#### SUPPLIED INFORMATION ####
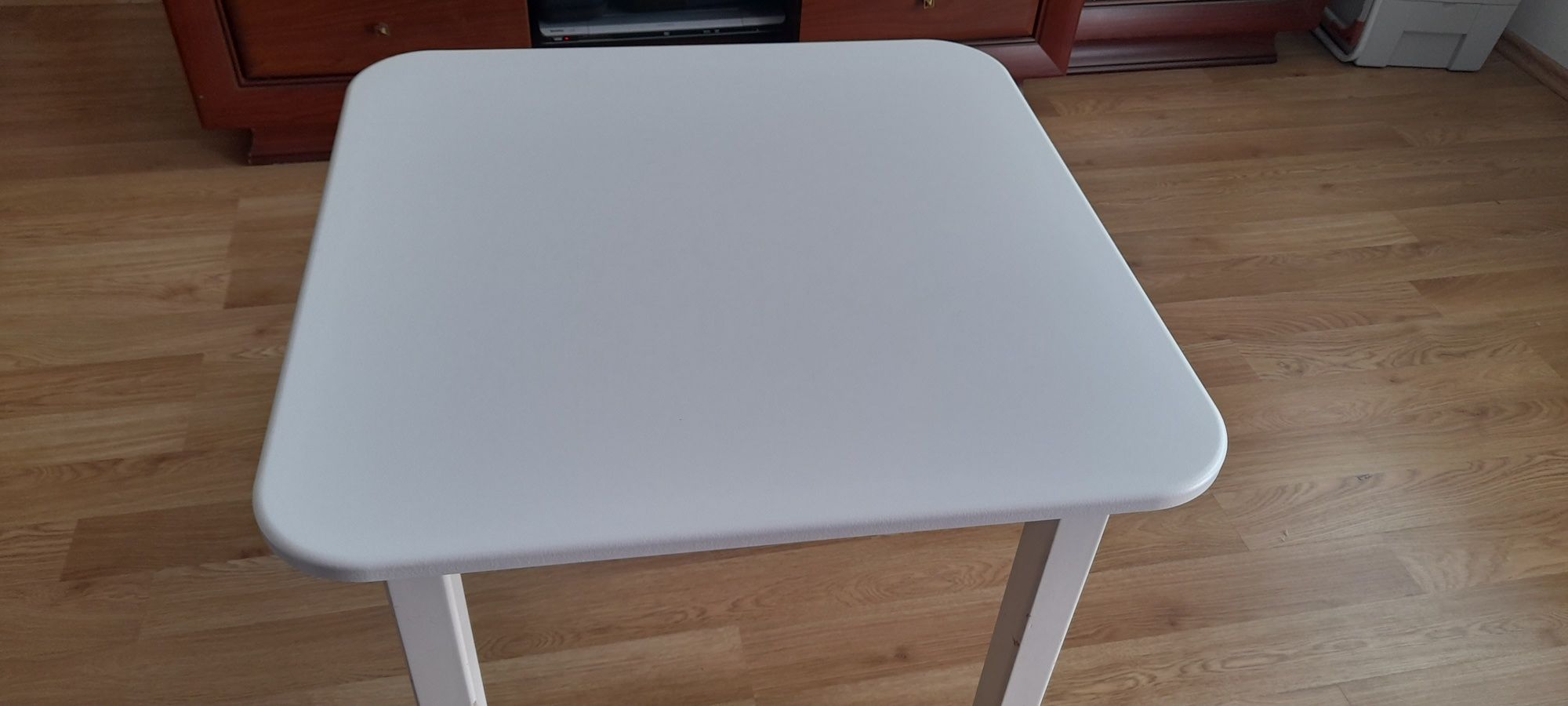 Stolik meblik 67 cm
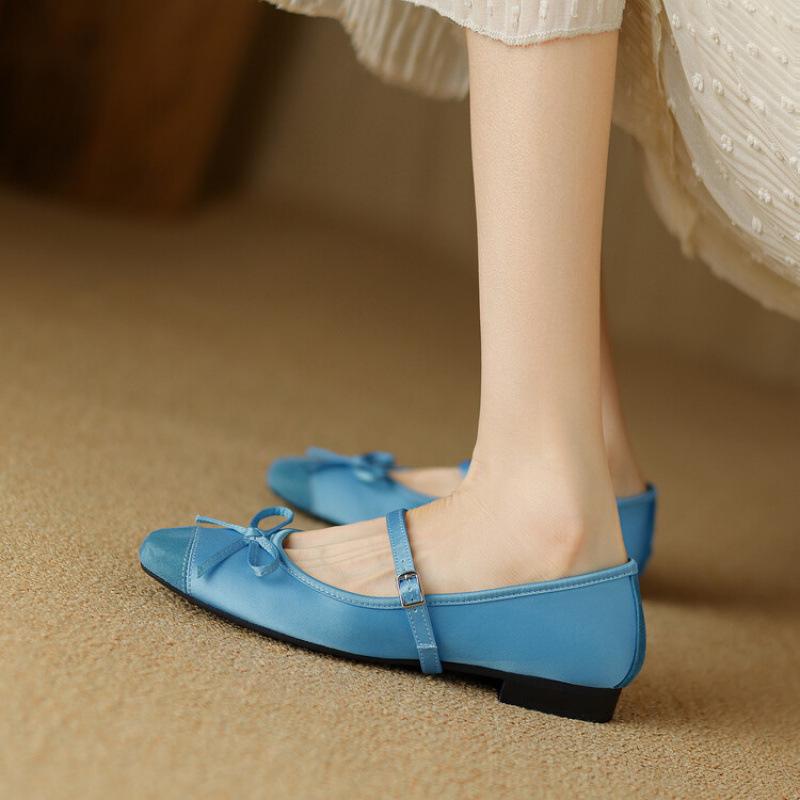 Four Seasons Soft Sheepskin Women's Shoes Low Top Leather Large Size New Non-slip Single Shoes Women's Round Head Low Heel Casual Single Shoes Women's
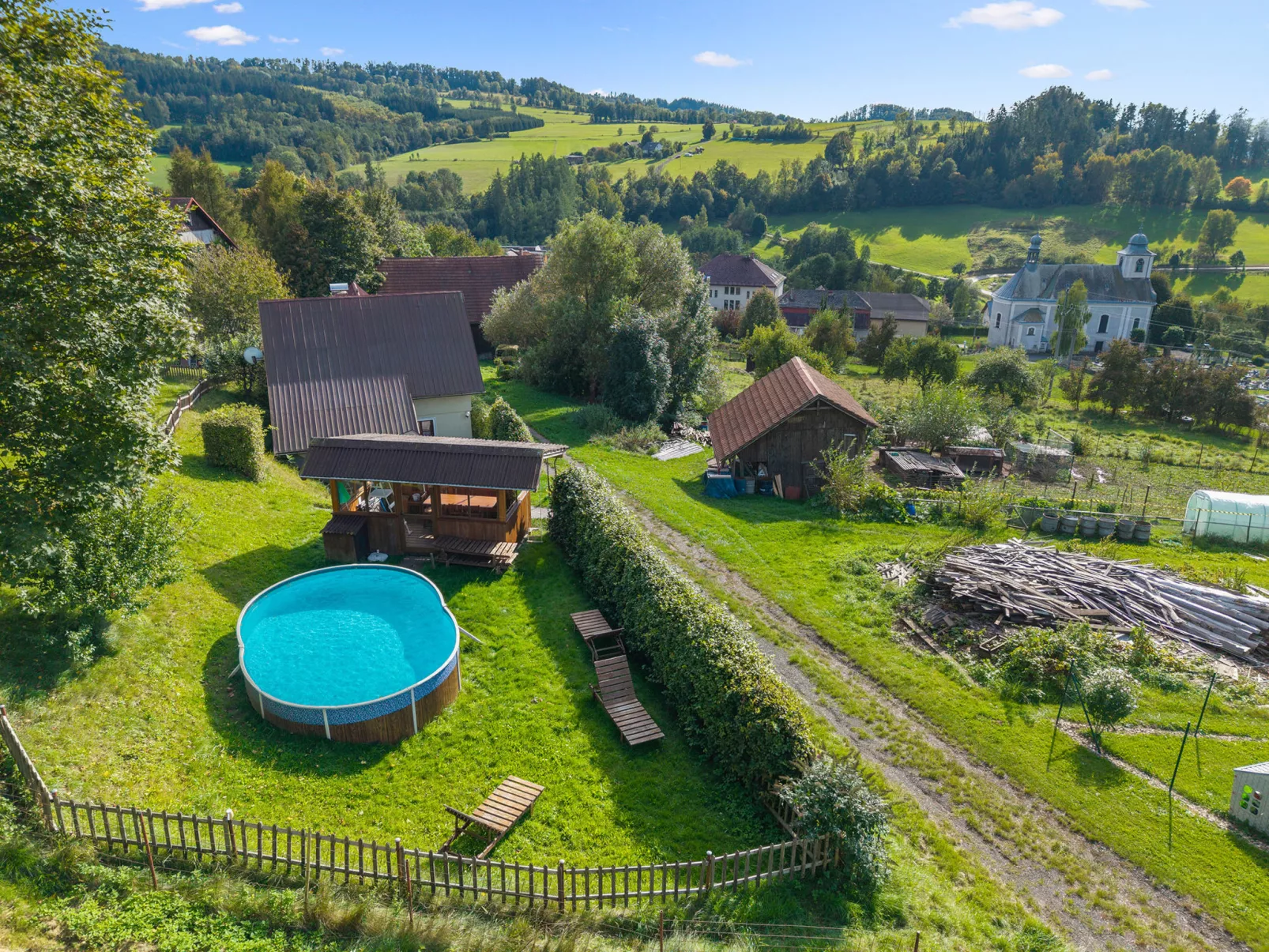 Loukov u Semil-Outside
####
◆ WORK INSTRUCTIONS ◆
Give the listing again word for word, without its images.

◆ RESULT OF THE TASK ◆
 Stolik meblik 67 cm
 Four Seasons Soft Sheepskin Women's Shoes Low Top Leather Large Size New Non-slip Single Shoes Women's Round Head Low Heel Casual Single Shoes Women's
 Loukov u Semil-Outside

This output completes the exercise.